Wax Fang — ‘Serenity Now’
from the album Victory Laps (2017)
[Editor’s Note: Sonic Breakdown is LEO’s new music column that deconstructs a single song from a Louisville band.]
Wax Fang leader Scott Carney describes “Serenity Now” as a buoyant, later-era Talking Heads-style song (i.e. “Wild Life”) with some Hendrix-meets-Sonic Youth guitar work — a series of analogies that seems wildly complex, but is entirely accurate. Those feel-good pop sensibilities belie its serious subject matter, though. “It’s about letting go, letting things be what they are and accepting them for what they are,” Carney said. And while it may have taken him a “long time to get to that point” himself, he was able to capture the shelter from the storm that followed the “complete anxiety” that saturated his 20s.
“I just had a lot of stuff going on at that time and as a young adult didn’t really know how to process information and keep my shit together at the same time,” Carney said.
Indeed, the lyrics illustrate the duality of our 20s perfectly: “Under attack / Now sit back and relax, I’m on a roll / And now I’m losing control.”

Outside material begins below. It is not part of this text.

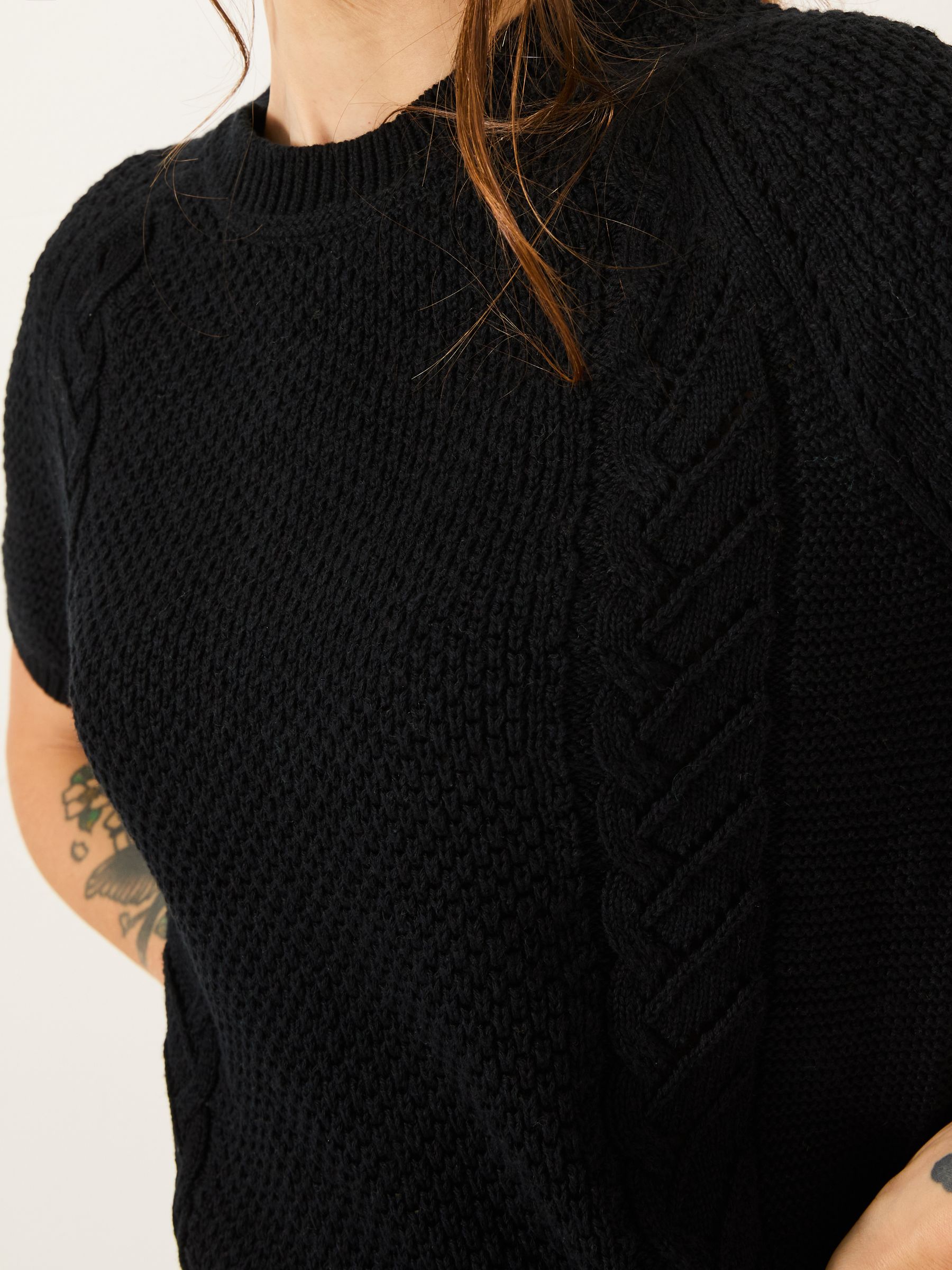 Mila Black Cable Knitted T-Shirt - Image 4 of 5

At a time when we are supposed to be figuring out who we are and what we want, it can often seem that nothing is more unobtainable. One minute, it seems we’ve got the world by the horns, the next, it’s the exact opposite. Fortunately, Carney survived the madcap years of his 20s, even laughing about it now: “I had to train myself to chill the fuck out, more or less.”
While the basic idea and riff of “Serenity Now” has been kicking around since 2009, it almost never made it to 2017.
“It had many names — it was originally called ‘Summer of 2069,’” he said. “It was going to be like a romantic, post-apocalyptic story set in the future, but I couldn’t ever make it work.”
While I will continue to pine away for a post-apocalyptic Wax Fang love song, it’s alarming how close “Serenity Now” came to being scrapped.
“It was one of the easiest songs that came together on this record, but we decided we were going to shelve it. It being an older song, I was more excited about the newer stuff I was writing, so I was going to replace it with this instrumental song that I was working on, but it didn’t really have a voice,” Carney admitted. “It was included at the last minute, basically.”
Like myself, there may be a few of you wondering why the term “Serenity Now” seems so familiar.
A hint: think uber-famous ‘90s sitcom.
“I ended up calling it ‘Serenity Now’ because I’m a big ‘Seinfeld’ fan. It’s a mantra of mine,” Carney said, referring to Frank Costanza’s relaxation technique for when his blood pressure gets too high (but a phrase that he always screams).
So, one could easily venture that we owe “Serenity Now” to Jerry Stiller’s character on the beloved show. And that’s surely a Festivus treat for all of us.